Carbon steel pan, an update after a few years of use [View all]

I posted years ago when I first got this pan. I thought I'd provide an update after a few years of hard use. I use this pan several times per week and it's almost completely replaced the very nice vintage cast iron skillet I own of about the same size. I still use my cast iron pan on rare occasions, mostly for oven use, but otherwise I'm reaching for this one.

The one I own is the De Buyer Carbon Steel Mineral B Fry Pan. I'd guess there are others which are probably as good and cheaper, but this is the one I own. The obvious comparison is to a cast iron pan, so I'll start there.

Browning. The main reason you'd want to reach for either cast iron or carbon steel is heat retention and browning. This carbon steel pan is superior to cast iron in that regard. I wouldn't say it's phenomenally better, but definitely noticeable. Steaks, burgers, pork chops or pretty much anything else you want seared it does a great job.

Handling. The slopped sides makes for a very nice pan to get into and flip things. Certainly there's slopped side cast iron pans, but carbon steel is a bit lighter and this one is just easier to manipulate and use on the stove. It's still a heavy pan so it's not always easy to toss things with one hand, but you'd want something smaller for that anyway. I probably should get a smaller version

Non-stick. Certainly the surface isn't as non-stick as a PTFE or ceramic coated aluminum pan, but it's very close. To give you an idea I make fried eggs and omelets in this pan and it has completely replaced my non-stick pan for those types of uses as the results are far superior. I guess comparing it to those types of pans is all you really need to know as cast iron doesn't really compare in that regard.

Pan sauces. Thanks to the excellent and even browning, pan sauces turn out much better than cast iron. With cast iron it was much easier to get carbonized results in places due to less even heating which quickly ruin a pan sauce before it starts. Good temp control prevented this, but the whole process is much easier with carbon steel as it heats much more evenly.

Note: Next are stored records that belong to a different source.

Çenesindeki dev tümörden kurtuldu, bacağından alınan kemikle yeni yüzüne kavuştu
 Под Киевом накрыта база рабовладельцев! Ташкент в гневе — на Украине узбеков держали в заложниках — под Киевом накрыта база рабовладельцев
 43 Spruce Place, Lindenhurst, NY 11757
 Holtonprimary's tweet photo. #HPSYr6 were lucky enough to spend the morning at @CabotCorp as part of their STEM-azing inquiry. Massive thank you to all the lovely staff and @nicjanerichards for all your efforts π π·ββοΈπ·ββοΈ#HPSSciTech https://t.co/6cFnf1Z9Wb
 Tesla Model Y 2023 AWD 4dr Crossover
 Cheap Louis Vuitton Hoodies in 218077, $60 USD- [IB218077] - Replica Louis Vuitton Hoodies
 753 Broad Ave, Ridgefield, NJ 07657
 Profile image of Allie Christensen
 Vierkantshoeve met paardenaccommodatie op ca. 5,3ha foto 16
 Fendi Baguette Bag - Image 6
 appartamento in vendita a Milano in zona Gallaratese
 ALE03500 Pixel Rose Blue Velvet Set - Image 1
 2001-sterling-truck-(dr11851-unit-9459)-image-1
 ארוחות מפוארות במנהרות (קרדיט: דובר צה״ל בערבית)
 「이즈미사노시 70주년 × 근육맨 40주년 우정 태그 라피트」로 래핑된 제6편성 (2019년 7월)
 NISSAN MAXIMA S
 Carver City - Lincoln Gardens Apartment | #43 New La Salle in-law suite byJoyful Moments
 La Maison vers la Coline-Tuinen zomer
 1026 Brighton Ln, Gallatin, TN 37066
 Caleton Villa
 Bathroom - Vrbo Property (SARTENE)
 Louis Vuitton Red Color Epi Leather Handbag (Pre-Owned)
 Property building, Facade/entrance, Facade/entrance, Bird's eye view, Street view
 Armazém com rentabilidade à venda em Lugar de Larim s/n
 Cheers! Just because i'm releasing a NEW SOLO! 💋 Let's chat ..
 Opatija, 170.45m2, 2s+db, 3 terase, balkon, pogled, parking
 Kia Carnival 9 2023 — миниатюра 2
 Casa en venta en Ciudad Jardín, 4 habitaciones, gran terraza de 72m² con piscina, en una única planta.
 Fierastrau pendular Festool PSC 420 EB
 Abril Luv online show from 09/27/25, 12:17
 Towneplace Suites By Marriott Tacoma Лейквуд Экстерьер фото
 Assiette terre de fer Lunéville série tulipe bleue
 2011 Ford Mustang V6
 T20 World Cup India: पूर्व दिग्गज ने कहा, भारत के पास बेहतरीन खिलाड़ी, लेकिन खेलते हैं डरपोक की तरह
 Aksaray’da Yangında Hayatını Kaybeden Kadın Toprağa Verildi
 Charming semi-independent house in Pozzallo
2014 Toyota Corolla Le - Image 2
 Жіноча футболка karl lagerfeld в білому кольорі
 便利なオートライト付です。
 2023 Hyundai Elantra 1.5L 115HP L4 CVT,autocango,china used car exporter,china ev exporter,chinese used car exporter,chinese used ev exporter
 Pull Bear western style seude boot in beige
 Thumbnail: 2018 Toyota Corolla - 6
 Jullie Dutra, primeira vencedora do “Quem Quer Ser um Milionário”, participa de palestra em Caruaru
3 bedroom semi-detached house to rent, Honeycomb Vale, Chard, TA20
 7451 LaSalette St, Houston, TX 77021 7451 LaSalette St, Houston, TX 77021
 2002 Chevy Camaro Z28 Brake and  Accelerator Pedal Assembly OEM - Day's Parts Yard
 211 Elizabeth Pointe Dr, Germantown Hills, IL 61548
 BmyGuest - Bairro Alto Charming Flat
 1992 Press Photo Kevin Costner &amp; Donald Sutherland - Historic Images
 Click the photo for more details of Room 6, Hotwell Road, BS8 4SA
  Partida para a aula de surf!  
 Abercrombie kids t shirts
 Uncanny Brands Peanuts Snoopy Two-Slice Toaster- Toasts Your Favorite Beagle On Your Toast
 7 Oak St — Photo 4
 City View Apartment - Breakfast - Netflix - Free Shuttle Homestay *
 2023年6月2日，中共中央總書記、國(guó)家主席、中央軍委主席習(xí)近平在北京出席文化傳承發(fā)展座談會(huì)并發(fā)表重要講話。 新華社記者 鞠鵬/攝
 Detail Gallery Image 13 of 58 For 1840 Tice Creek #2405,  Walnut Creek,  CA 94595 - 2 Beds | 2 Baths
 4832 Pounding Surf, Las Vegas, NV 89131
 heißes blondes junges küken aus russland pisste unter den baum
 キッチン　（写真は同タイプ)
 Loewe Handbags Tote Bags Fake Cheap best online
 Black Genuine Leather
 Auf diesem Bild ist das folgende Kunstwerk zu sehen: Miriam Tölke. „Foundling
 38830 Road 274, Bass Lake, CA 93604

Maintenance. I haven't done anything to maintain the seasoning other than use it. When I first got it I seasoned it per the manufacturer's recommendation and haven't had any need to do anything else. All I do is clean it and apply a light coat of oil before I put it away. After use while the pan is still hot I dump in a cup of water, loosen the crusty bits and just a quick scrub with a brush and dish soap is all it takes to get it perfectly clean. I do the same process with cast iron except I sometimes have to do a salt scrub to get everything off. I haven't had the need to do that with this pan.

All in all I love this pan and it's without a doubt the favorite tool in my kitchen. The handle didn't come with it and is just a silicone handle I had left over from another pan. It doesn't fit perfectly, but it's very tight and doesn't go anywhere. The bare handle doesn't get hot, but it is much easier to control with a silicone covering.